How to Automatically Route AI Requests to the Cheapest Model
The cheapest model that produces acceptable output is the right model. Not the most expensive. Not the most popular. The cheapest one that works. Here's how to route every request to that model automatically.
The Principle: Minimum Viable Model
For any given request, there's a "minimum viable model" — the cheapest model that produces output of acceptable quality. Everything above that is waste.
A simple classification task has a minimum viable model around GPT-5-nano or Gemini 2.5 Flash. A complex legal analysis might require Claude Sonnet 4.5 or GPT-5. The key is matching each request to its minimum viable model dynamically.
Why You Can't Do This Manually
Manual model selection fails because:
- You can't predict complexity. The same agent gets simple and complex requests. You'd need per-request logic.

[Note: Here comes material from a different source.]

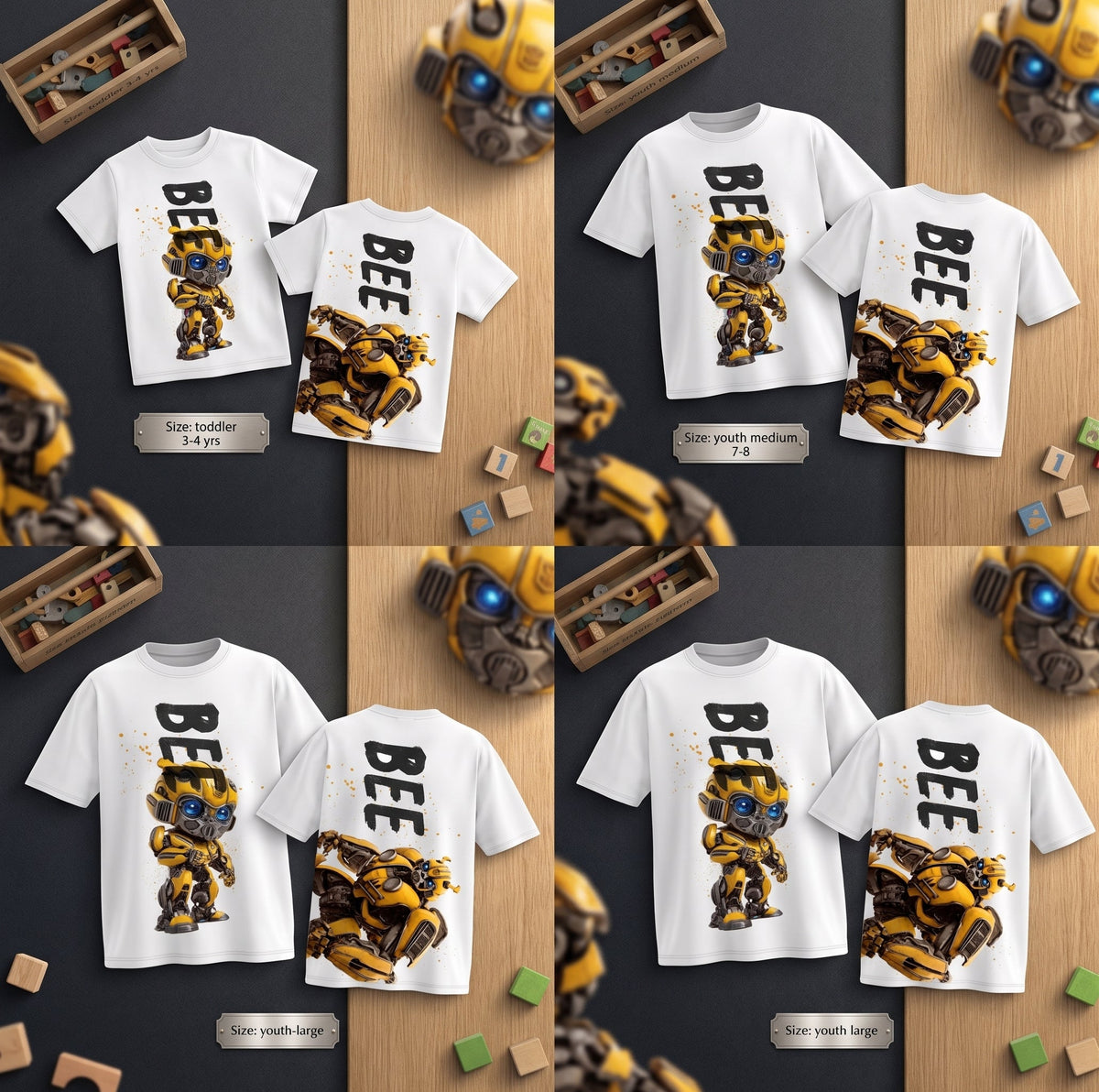 Robert Graphic Oversized T-Shirt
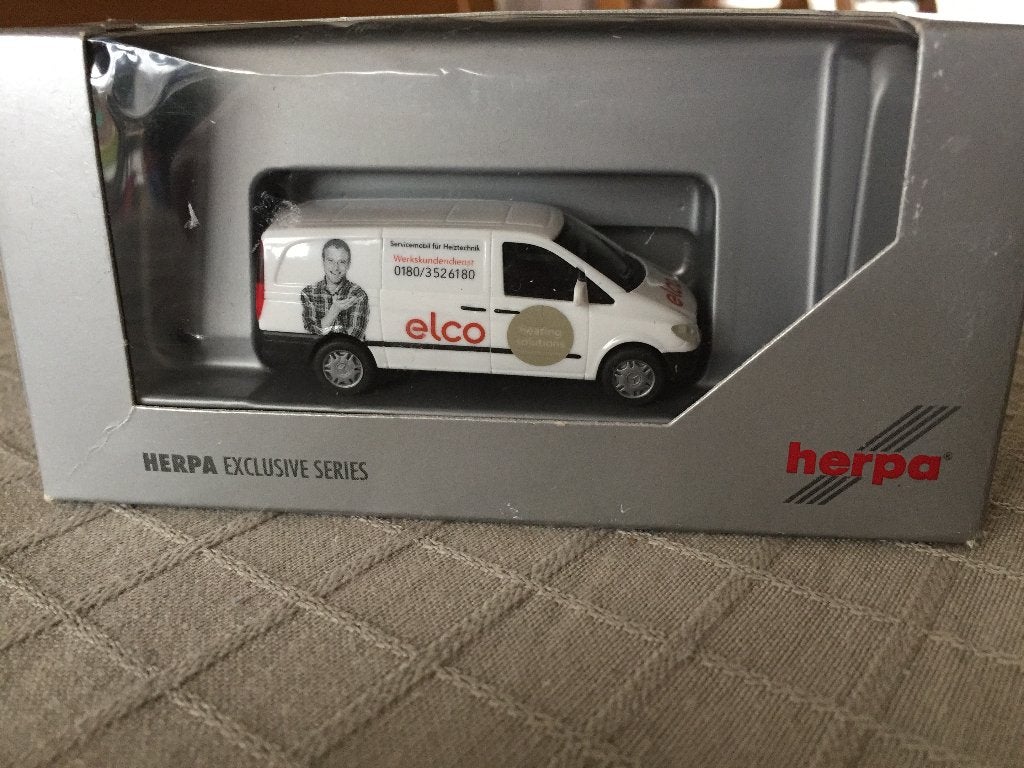 Mercedes-Benz Vito : 1:87 (Herpa), Enlèvement ou Envoi, Herpa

- Models and prices change. Today's cheapest option might not be cheapest next month.
- You'd need to maintain scoring logic. Which model handles classification best? Which is cheapest for summarization? This is a full-time job.
- Fallbacks add complexity. What if the cheap model is rate-limited? You need a secondary pick.
A router handles all of this automatically.
Setup: Cost-Optimized Routing in 5 Minutes
Step 1: Create a Cost-First Router
Go to ClawPane → Create Router and set weights:
Cost: 0.60 ← strongly prefer cheaper models
Quality: 0.25 ← but don't sacrifice too much quality
Latency: 0.10 ← speed is a secondary concern
Carbon: 0.05 ← minor weight for sustainability
Or simply choose the Economy preset, which uses similar weights.
Step 2: Add to OpenClaw
In OpenClaw Settings → Model Providers → Add Provider:
Provider Name: ClawPane
Provider URL: https://clawpane.co/route
API Key: mp_xxxxxxxxxxxxxxxx
Model ID: economy # or your custom router ID
SDK: OpenAI
Step 3: Assign to Agents
Point your agents at the ClawPane provider. For cost-first routing, use economy as the model ID. For different workloads, create separate routers:
- Support agents →
economy - Code agents →
quality - Triage agents →
fast
How the Router Picks the Cheapest Model
For each request, the router:
- Calculates expected cost for each available model (based on input tokens and estimated output)
- Checks quality threshold — models below a minimum quality score are excluded
- Checks availability — rate-limited or down models are skipped
- Selects the winner — cheapest model that passes quality and availability filters
- Prepares fallback — next cheapest model as backup
With cost weight at 0.60, the router heavily favors cheap models but won't select a model that scores below the quality floor. You get the cheapest acceptable model, not the cheapest bad model.
What the Routing Looks Like in Practice
For a support agent handling 1,000 requests/day:
| Request Type | Count | Routed To | Cost/Request |
|---|---|---|---|
| Greetings / small talk | 200 | GPT-5-nano | $0.00003 |
| FAQ answers | 250 | GPT-5-mini | $0.0005 |
| Account lookups | 200 | Gemini 2.5 Flash | $0.0002 |
| Complex troubleshooting | 150 | GPT-5 | $0.006 |
| Escalation summaries | 100 | Claude Haiku 4.5 | $0.0008 |
| Multi-turn reasoning | 100 | Claude Sonnet 4.5 | $0.012 |
Daily cost: ~$2.25 vs. ~$5.00 if everything went through GPT-5. That's 55% savings.
Monitoring Cost-Optimized Routing
After enabling routing, check:
- Model distribution chart — are cheap models handling the majority of traffic?
- Cost per request trend — is average cost declining?
- Quality feedback — are users reporting worse responses? (They usually aren't.)
- Fallback rate — if fallbacks are high, a provider might be having issues
If quality complaints increase, bump the quality weight from 0.25 to 0.30. The router will shift more traffic to mid-tier models while still optimizing for cost.
The Savings Are Immediate
Unlike most infrastructure optimizations that require weeks of development, cost-optimized routing delivers savings from the first request. The setup takes 5 minutes. The ROI is instant.